Ela faltou a manhã de trabalho.
Se viram novamente na quarta, dessa vez o sono acumulado fez a luxúria se findar no início da madrugada.
Na quinta Andrea tinha ensaio do casamento, se viram novamente na sexta.
— Não poderei dormir aqui, minha cunhada vai me buscar no meu apartamento amanhã cedo. — Andrea comunicou após algumas horas na cama.
— Tudo bem.
— Preciso ir agora, mas quero um beijo de despedida.
Leila lhe beijou, depois tomou seu rosto entre as mãos carinhosamente, lançando um olhar carente.

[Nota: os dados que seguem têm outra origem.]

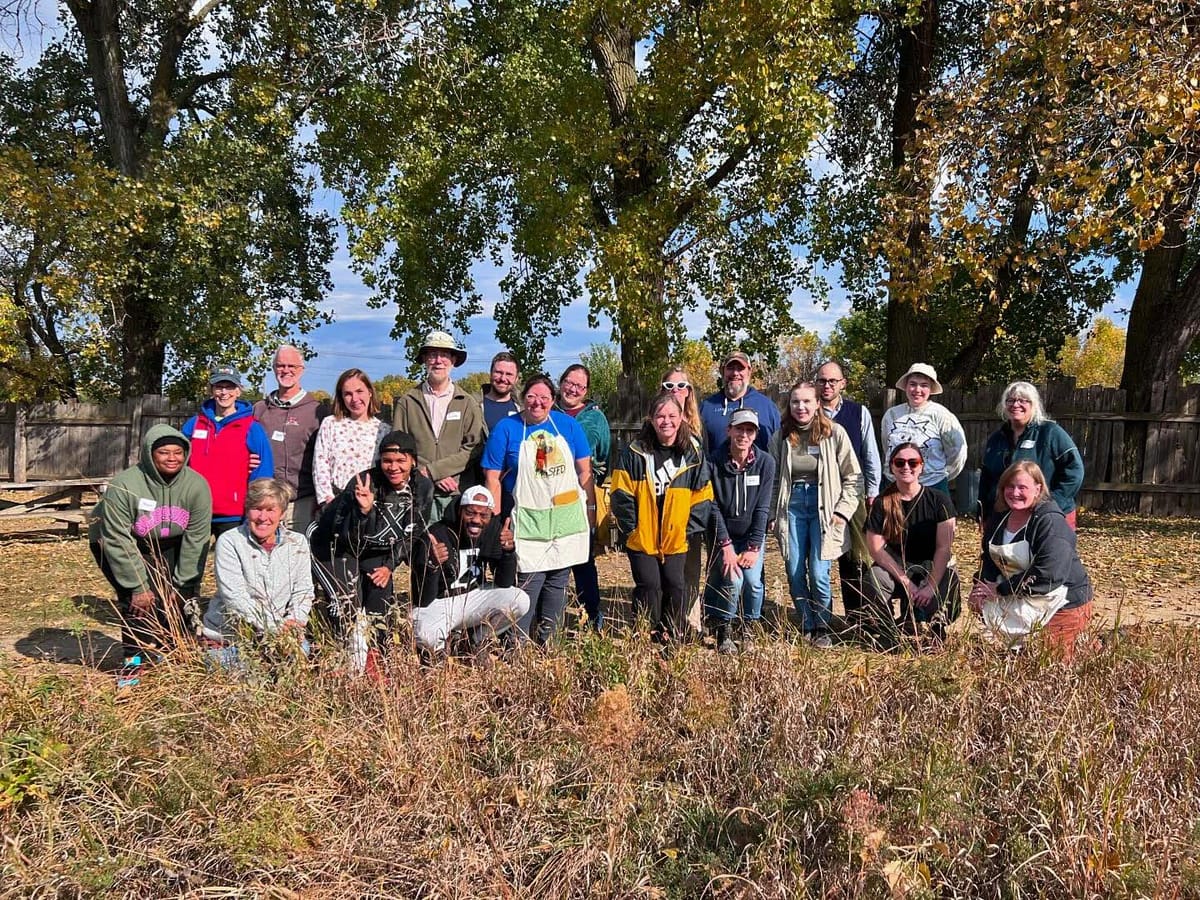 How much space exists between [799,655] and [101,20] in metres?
15.6

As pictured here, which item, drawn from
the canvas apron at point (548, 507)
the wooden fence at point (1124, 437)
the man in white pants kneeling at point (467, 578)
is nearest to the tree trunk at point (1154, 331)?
the wooden fence at point (1124, 437)

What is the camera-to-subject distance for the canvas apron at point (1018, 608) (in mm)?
4023

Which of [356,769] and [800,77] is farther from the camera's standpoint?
[800,77]

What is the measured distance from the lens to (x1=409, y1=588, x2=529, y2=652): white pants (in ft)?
13.7

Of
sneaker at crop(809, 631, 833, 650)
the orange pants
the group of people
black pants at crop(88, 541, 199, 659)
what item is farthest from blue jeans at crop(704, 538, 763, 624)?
black pants at crop(88, 541, 199, 659)

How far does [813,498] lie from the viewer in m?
5.11


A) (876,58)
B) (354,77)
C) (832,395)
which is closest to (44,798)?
(832,395)

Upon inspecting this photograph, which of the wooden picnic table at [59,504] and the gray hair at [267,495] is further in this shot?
the wooden picnic table at [59,504]

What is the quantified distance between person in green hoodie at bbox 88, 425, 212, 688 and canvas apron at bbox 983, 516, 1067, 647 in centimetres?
415

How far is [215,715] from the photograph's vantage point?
127 inches

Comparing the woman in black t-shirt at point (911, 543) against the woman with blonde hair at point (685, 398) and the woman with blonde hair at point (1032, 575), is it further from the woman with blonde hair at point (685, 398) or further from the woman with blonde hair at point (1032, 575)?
the woman with blonde hair at point (685, 398)

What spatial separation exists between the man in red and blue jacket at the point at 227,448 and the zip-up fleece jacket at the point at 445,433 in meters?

— É isso que você quer, Andy?
Ela não respondeu.
— Tem certeza? Aí no fundo do seu coração, você tem certeza?
— Não. Mas é o certo.
— Me diga que não sentiu nada.
Andrea desviou o olhar.
— Não posso falar isso...
— Andy. Olhe pra mim.
Ela obedeceu.
— Se mudar de ideia, estarei te esperando naquela estrada atrás da igreja. Vou te esperar até as seis, estarei de moto, com um capacete extra.
— Não me faça essa proposta...
— Você entendeu? Estarei esperando até as seis. Se você não aparecer até as seis, vou embora te desejando o melhor casamento do mundo, e que você encontre a felicidade com o Marcos.
***
Leila parou sua moto na estrada quase deserta às cinco, o horário marcado para a cerimônia religiosa. Aguardou com notável ansiedade por longos sessenta minutos.